Now we know this is sound advice in many situations. It normally serves no purpose to spend one’s time engaged in petty squabbles with others. The conflict takes on a life of its own, and soon becomes unmanageable, dragging us down while wasting time and effort. Most of us have experienced this sort of thing in our lives. But with all due respect to Athena, can it really be said that one should never engage in conflict? And if so, when should we enter the fray, and when should we avoid it? These are the types of questions we really need answered. No one can go through life while avoiding conflict completely; there will be many times when we must respond to unjust or unfair attacks. What we really need to know is: when should we desist, and when should we engage?
The answer, of course, is not an easy one, and will always depend on the situation. Some miscalculate, and abstain when they should defend themselves, while some do the opposite, pointlessly expending energy in futile bickering. I think it should go without saying that one must fight back if one’s vital interests are being threatened: if one is being unjustly accused, maligned, or attacked. We would even expand the scope of this zone of critical interest to include our close personal family members. So then the question becomes being able to identify one’s vital interests. Some things should be ignored, and some must be addressed with vigor and ferocity.

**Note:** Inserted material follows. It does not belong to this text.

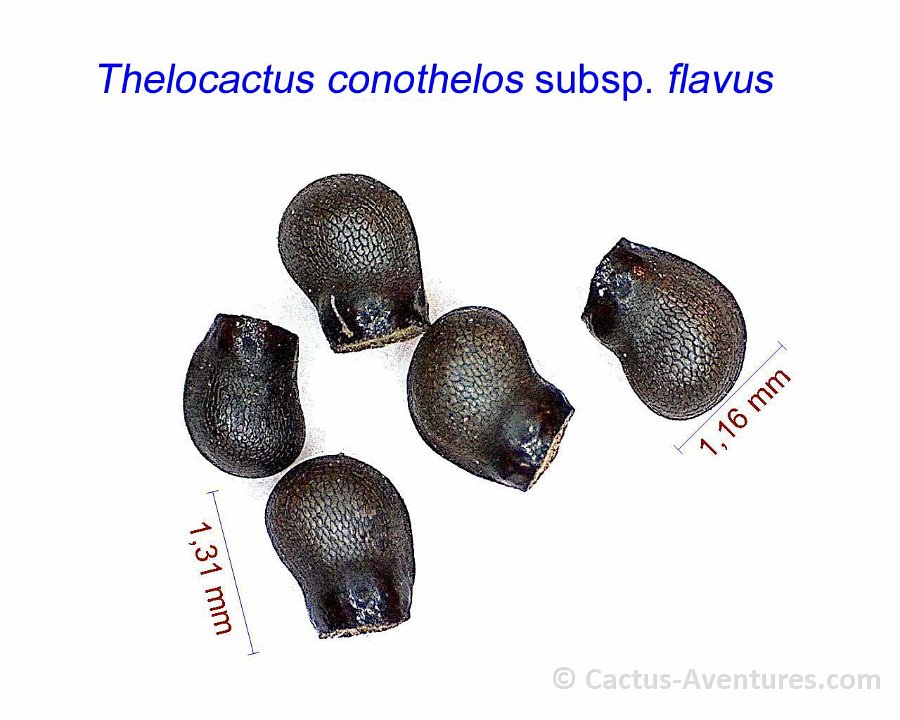 Thelocactus conothelos subsp. flavus ex panarottoi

The Renaissance humanist Giovanni Pontano (1426-1503), in his treatise On Speech (De Sermone) identified a number of different classes of speech personalities: the flatterers, the affable, the urbane, the adulators, the gasping, the insipid, the prolix, the contentious, the verbose, the triflers, and the taciturn. The experience of being able to identify these various personality types will assist us in deciding whether someone is worth responding to. An insignificant fool with no influence or relevance is probably not worth a response, even if he attacks a vital interest. Here, as in so many other things in life, an observance of the mean is needed: one must aim for a balance between defending one’s legitimate interests, while letting insignificant irritations slide. Some people love to get involved in pointless disputes. We must learn to identify such types, and understand their motivations. Pontano calls them the “contentious” (contentiosi), and describes them in this way:
The complete opposite of adulators in their endeavors appear certain contentious men, whose nature and also endeavor are not only not to speak to please or gratify others, but on the contrary to oppose them and, nowhere or in any situation, to fear to offend anyone by speaking. Indeed, they both sow disputes willingly and eagerly take up ones sown by others, and rejoice in fostering and keeping them going. [De Sermone I.18; Trans. By G. Pigman]

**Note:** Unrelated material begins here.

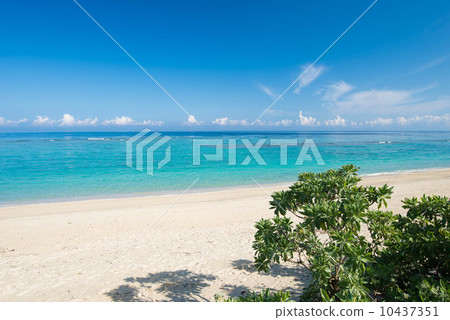 沖繩海 10437351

But it is not just a matter of knowing personality types; we must have an understanding of how words and actions can threaten vital interests. I would suggest that the following zones of interest should be considered vital: reputation, honor, employment, close family members, and spouse or other loved ones. An attack on any of these zones of interest is significant and deserving of a response, as long as the other party is significant.
Even when one does respond to an attack on a vital interest, one should only engage in this type of conflict for the minimum time needed to make one’s point, and not a second longer. For no one has ever benefited from protracted conflict. This is one of the pitfalls that traps many; they make their point effectively, but then they refuse to let the matter rest. They feel a need to continue making the point over and over again, with the result that any goodwill they might have earned from others is quickly dissipated. Fight your corner, say your peace, and stand your ground; but once this has been done, comb your hair, straighten your collar, dust off your shirt, and keep walking.